- PROBLEM DESCRIPTION:
Repeat the lines of the material below exactly, beginning at the one with "Clinere Ear Wax" and stopping after the last.

- DATASET EXTRACT:
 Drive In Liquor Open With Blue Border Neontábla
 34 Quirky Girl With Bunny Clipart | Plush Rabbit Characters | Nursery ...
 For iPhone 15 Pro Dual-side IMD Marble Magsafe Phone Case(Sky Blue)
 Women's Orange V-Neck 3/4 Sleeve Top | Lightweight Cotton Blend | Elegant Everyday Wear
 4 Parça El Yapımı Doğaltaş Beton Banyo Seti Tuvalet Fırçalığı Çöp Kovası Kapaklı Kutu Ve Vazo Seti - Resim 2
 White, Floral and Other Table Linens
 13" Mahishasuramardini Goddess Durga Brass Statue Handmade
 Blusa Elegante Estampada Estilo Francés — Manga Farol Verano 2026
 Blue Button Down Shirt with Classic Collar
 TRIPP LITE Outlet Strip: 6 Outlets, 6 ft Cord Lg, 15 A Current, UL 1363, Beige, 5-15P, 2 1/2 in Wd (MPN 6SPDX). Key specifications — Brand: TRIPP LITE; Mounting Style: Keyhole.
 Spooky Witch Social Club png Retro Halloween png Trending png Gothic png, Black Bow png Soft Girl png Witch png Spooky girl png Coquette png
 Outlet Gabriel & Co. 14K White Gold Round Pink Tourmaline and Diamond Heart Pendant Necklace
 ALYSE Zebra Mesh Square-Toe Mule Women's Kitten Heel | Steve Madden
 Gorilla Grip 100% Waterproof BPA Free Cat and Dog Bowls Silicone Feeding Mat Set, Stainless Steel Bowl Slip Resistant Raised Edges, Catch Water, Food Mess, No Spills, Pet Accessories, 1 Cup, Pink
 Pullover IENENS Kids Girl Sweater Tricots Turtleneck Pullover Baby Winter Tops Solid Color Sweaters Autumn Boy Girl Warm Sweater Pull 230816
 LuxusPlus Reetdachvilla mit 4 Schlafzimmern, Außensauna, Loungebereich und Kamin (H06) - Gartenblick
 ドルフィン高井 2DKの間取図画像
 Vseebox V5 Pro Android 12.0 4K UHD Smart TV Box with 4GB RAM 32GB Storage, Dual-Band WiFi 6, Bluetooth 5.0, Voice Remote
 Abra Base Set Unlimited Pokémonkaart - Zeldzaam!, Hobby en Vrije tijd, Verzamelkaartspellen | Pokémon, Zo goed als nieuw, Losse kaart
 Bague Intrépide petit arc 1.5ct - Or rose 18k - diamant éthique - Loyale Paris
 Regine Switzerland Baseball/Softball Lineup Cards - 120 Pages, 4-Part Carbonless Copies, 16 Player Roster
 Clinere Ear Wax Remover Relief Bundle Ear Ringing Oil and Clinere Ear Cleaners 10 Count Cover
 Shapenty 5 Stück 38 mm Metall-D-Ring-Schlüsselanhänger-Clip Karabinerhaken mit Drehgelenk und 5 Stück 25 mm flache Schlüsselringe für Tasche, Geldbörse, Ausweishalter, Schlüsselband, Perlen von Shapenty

- TASK OUTPUT:
 Clinere Ear Wax Remover Relief Bundle Ear Ringing Oil and Clinere Ear Cleaners 10 Count Cover
 Shapenty 5 Stück 38 mm Metall-D-Ring-Schlüsselanhänger-Clip Karabinerhaken mit Drehgelenk und 5 Stück 25 mm flache Schlüsselringe für Tasche, Geldbörse, Ausweishalter, Schlüsselband, Perlen von Shapenty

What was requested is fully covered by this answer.